Regular recurring expenses (in our case: my student loan payment, our phone plan, and some insurance for automobile non-owners, so we are covered if we rent) are taken care of first, and are automatically withdrawn each month. After those, the big three items that need to be accounted four out of our net income are lodging; transportation (between locations); and an emergency fund. Once those are subtracted, how the rest of your net income is divided is up to you. We came up with a limit for how much we’re willing to spend each month on lodging, future transportation, and for our emergency fund, and then divided the rest of our net income into four sections that work no matter where we are: 1) food (i.e. local grocery shopping); 2) local transportation; 3) dining out; and 4) miscellaneous expenses.
Because everyone’s income sources and amounts, along with their needs and wants, will be different, no two budgets are ever going to look the same. Our budget works for us, but it’s just one way of doing things. In many ways though our travel budget is similar to our non-travel budget, but with some slight differences.
Because we stay in Airbnbs, and will be staying for at least two months in each place we visit, the first thing we have to decide is the maximum amount we are willing to spend each month on lodging. For us, this is 50% of our net income. Do we actually spend that much each month? NO WAY!! We made this amount quite large because the first month’s payment for any Airbnb rental always includes a service fee (which has increased) and a cleaning fee. These two extras can make the initial reservation payment unexpectedly large. Later payments are typically much, much less than the initial payment, but we put the difference between that 50% we’ve budgeted and what we actually pay each month into a separate lodgings savings account. These savings are then available for making future Airbnb reservation payments (if staying more than a month in a rental, Airbnb divides the total amount owed into monthly payments minus the fees). As I’ve noted before, Brett and I try to reserve a rental around six months ahead if possible because there are usually more available rentals in our price range to choose from, but others wait to reserve six week in advance or less. Basically, we are swapping out our current rental payment for lodging during our travels, and by saving and paying upfront for the first month of our first three rentals we have given ourselves some wiggle room to settle into the new payment schedule. By the way, one of the benefits of staying for longer than a month is many Airbnb hosts offer significant discounts for long-term stays, sometimes in the thousands of dollars (weekly discounts are also often given). There are also no utility payments or Internet fees with an Airbnb rental.
The second budget item set up is an amount to go into another separate savings account each month to cover transportation costs from location to location. This money is only used when buying airline or train tickets to a new location – sometimes that’s a lot, other times thankfully not so much. Once again, using some of our pre-departure savings to purchase tickets will allow us to ease into paying for other transportation later.

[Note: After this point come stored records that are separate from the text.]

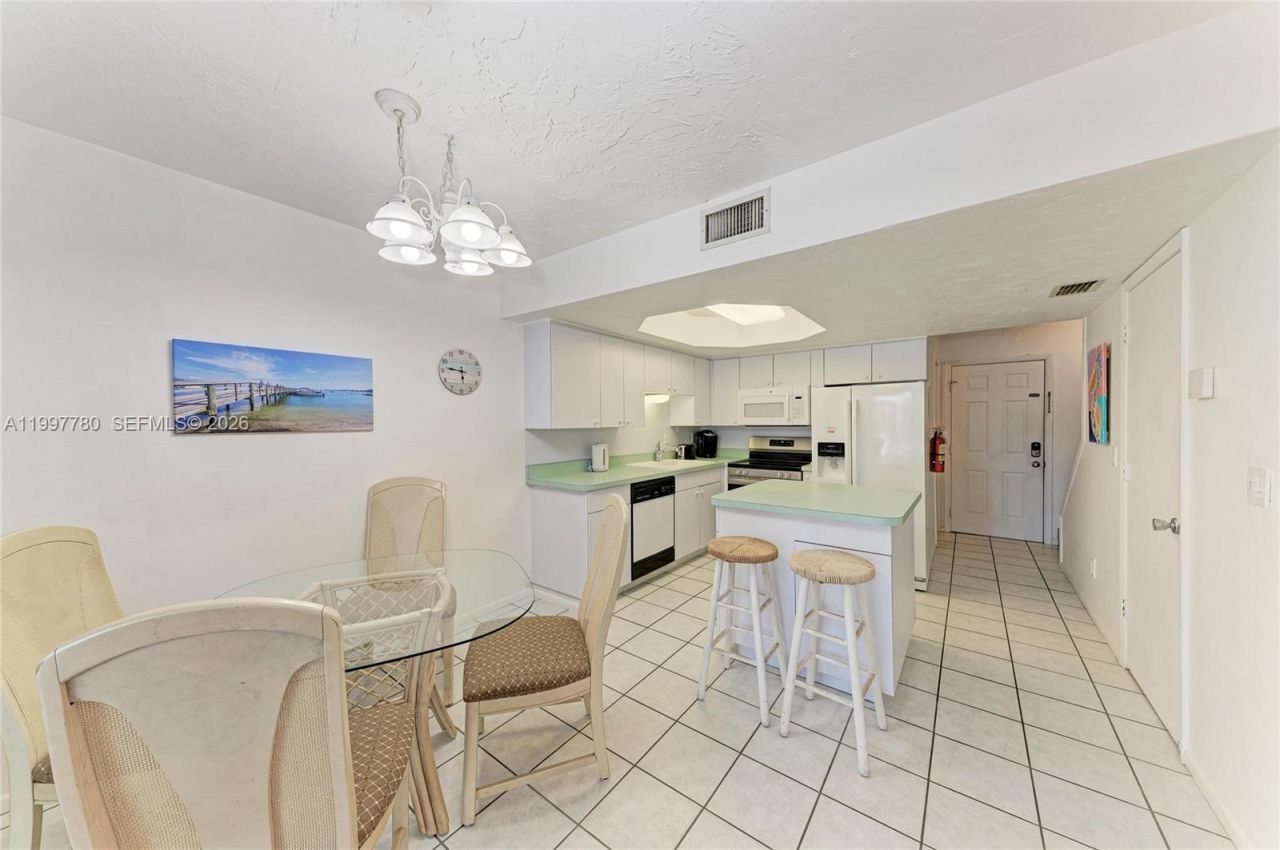 3400 6th Ave , Unit 6, Bradenton Beach, FL 34217 Photo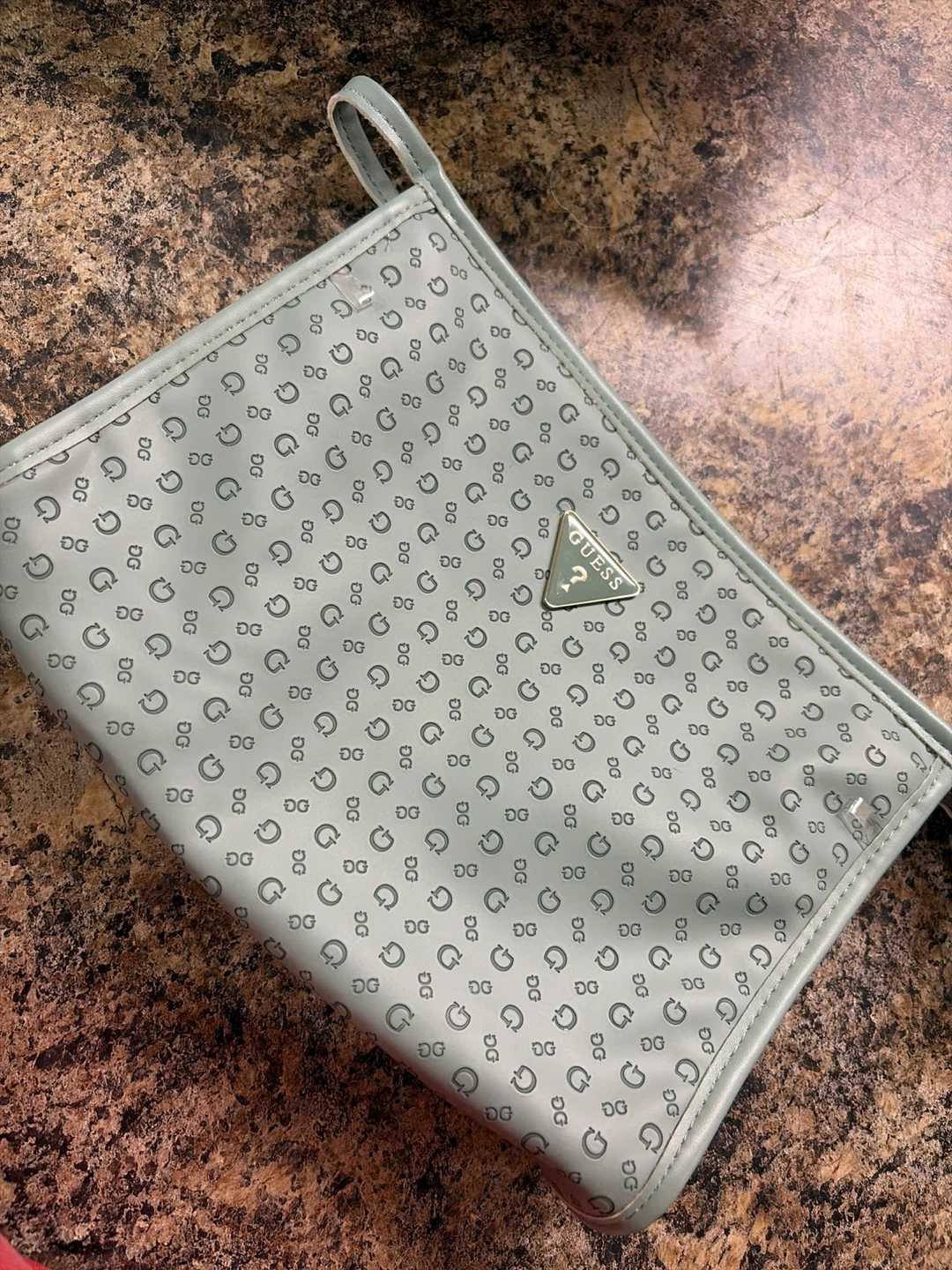 Guess Clutch Pouch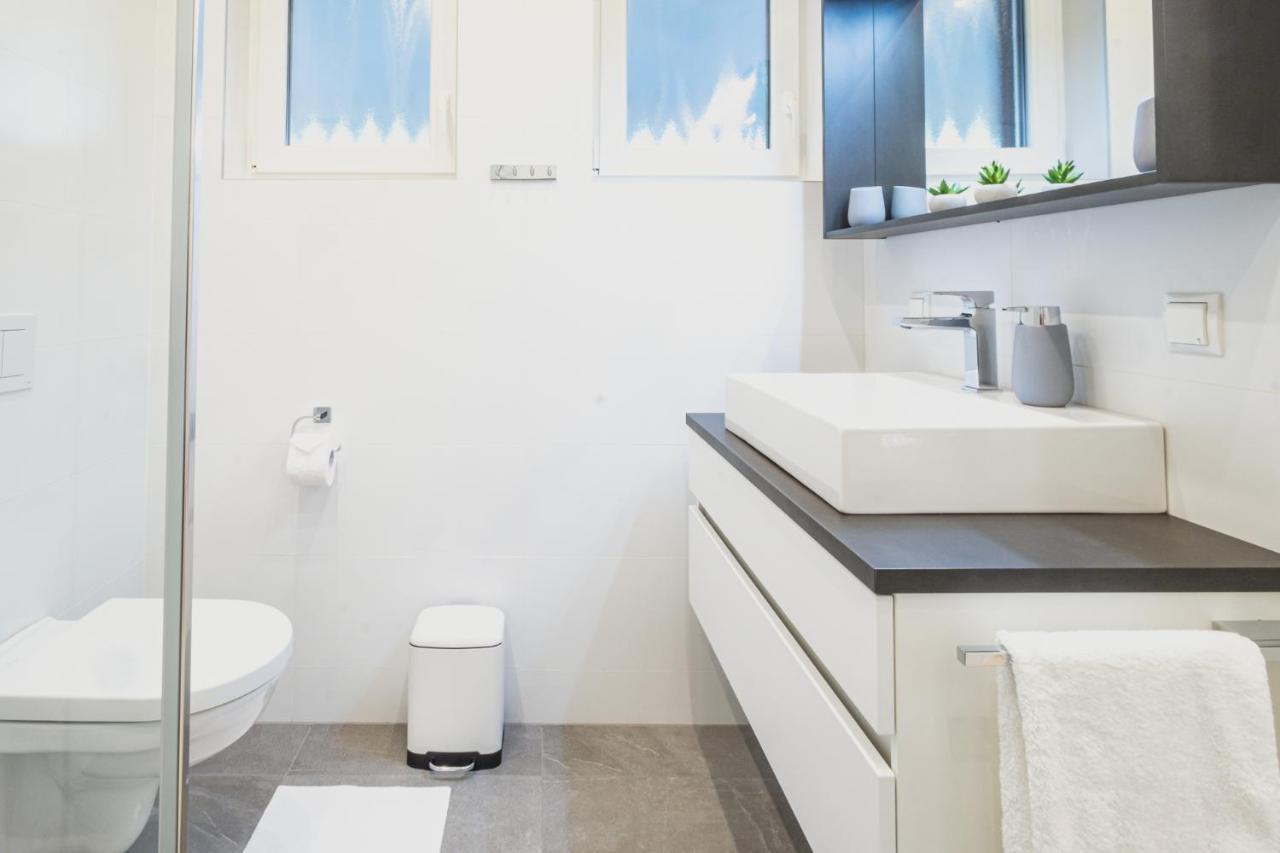 Deluxe Apartment Грац Екстер'єр фото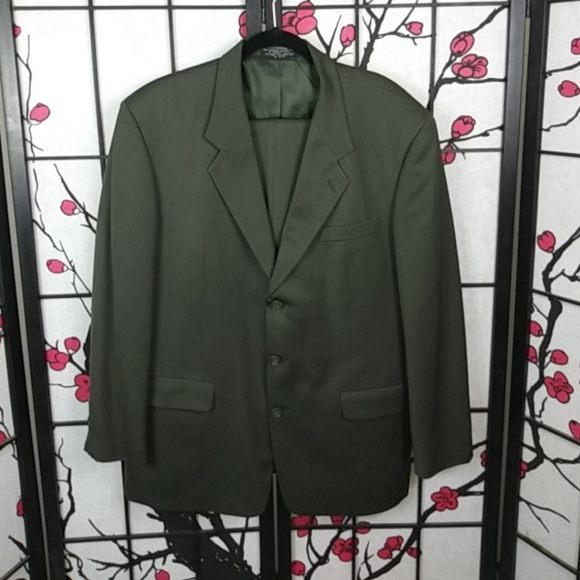 Jones New York Other - Jones New York Men's Olive Suit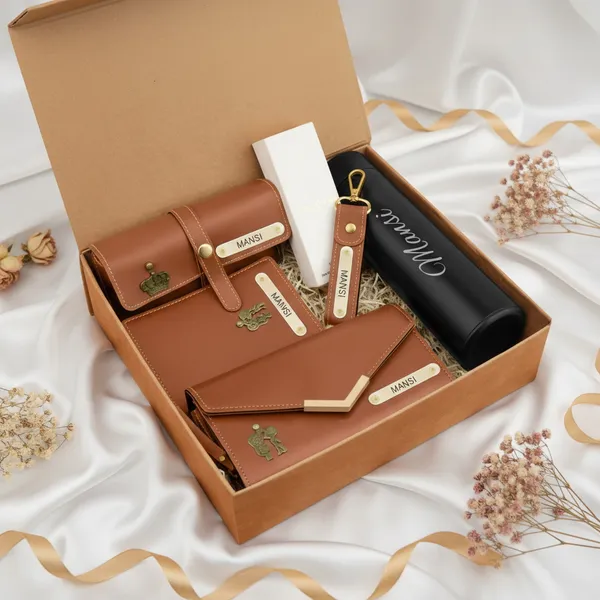 Travel_Love_Personalized_Gift_Hamper_For_Her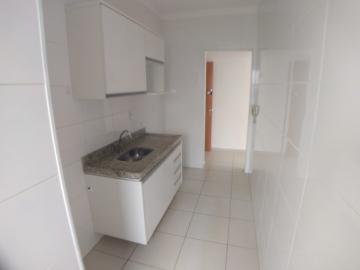 Alugar Apartamento / Padrão em Ribeirão Preto R$ 1.600,00 - Foto 4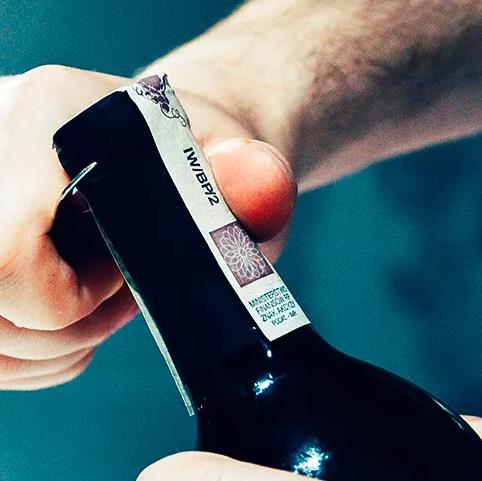 凯里酒业公司-酒水销售商家模板网站开发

We also put a set amount into an emergency fund each month. Part of what we have been saving pre-departure has been used to create this fund but we will continue to add to it every month.
The rest of our net monthly income covers the costs of daily living no matter where we are in the world. After some trial and error on our last adventure, we figured out that an envelope system works best for us. That is, at the beginning of each month we withdraw our total monthly allotment in cash, and then divide that into four envelopes: 1) food (local grocery shopping); 2) local transportation; 3) dining out; and 4) miscellaneous (admission tickets, clothing if necessary, souvenirs, and other miscellaneous shopping). If there is money left over in any of the envelopes at the end of each month, we withdraw less the following month to bring things up to the same starting point. We found that the envelope system made a huge difference in our spending versus using debit and credit cards; that is, we spent less. We always had money left over at the end of each month in each envelope versus being over or right at our budget limit.
I cannot stress the importance of tracking every expense every day when you’re traveling. We get a receipt for absolutely everything we purchase, and Brett meticulously tracks our spending in a journal (along with notes about what we did that day, how far we walked, how many steps, etc.). At the beginning of each month he divides our income after lodging and transportation are removed by the number of days in the month to give us a daily spending average to maintain, and then figures out each day whether we’re below or above it (a weekly grocery shop usually puts us over our spending average for a few days, for example, but it drops again in a couple of days). Between what’s in the envelopes and our daily average, we know every day how we’re doing for the month or whether we need to slow down our spending for a while.
Budgeting for full time travel is about figuring out how to get the biggest bang for your bucks. You may choose to spend your income on better lodging or great experiences or first class transportation, and there’s nothing wrong with that. In the end though it’s about living well, albeit carefully and realistically, on what you earn, with what you have, and in a way that suits you and allows you to make the most of what you have wherever you go.